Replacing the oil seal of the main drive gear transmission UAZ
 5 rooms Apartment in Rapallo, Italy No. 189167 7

* * *

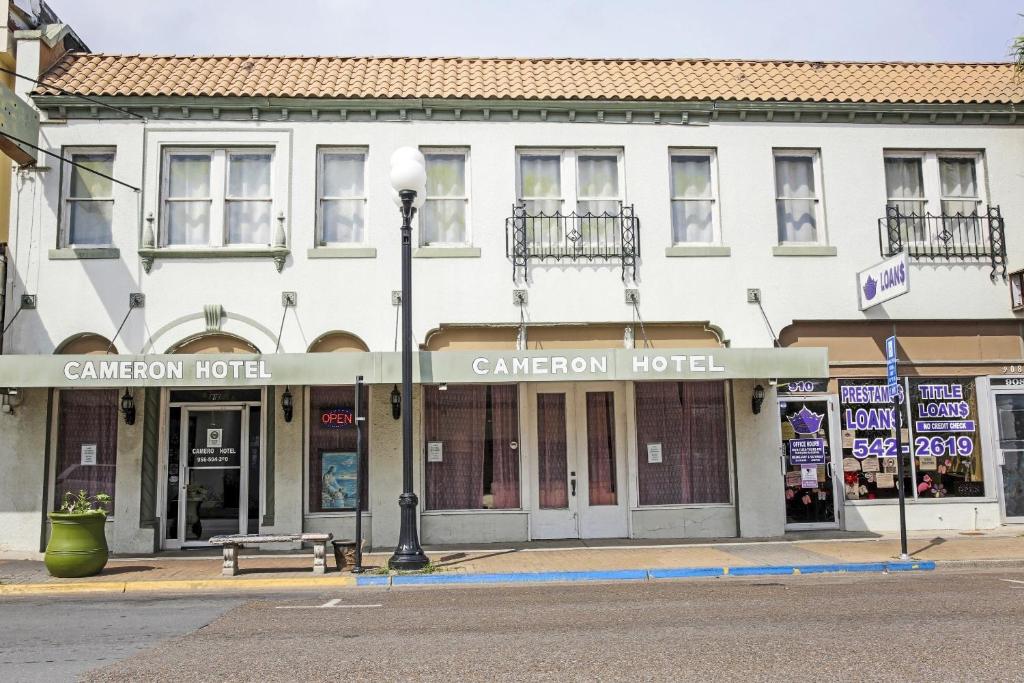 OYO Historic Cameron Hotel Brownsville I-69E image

* * *

# Task objective
Using the records above, set down exactly the lines from the one with "Replacing the oil" through the one with "5 rooms Apartment", inclusive, and nothing more.

# Task result
Replacing the oil seal of the main drive gear transmission UAZ
 5 rooms Apartment in Rapallo, Italy No. 189167 7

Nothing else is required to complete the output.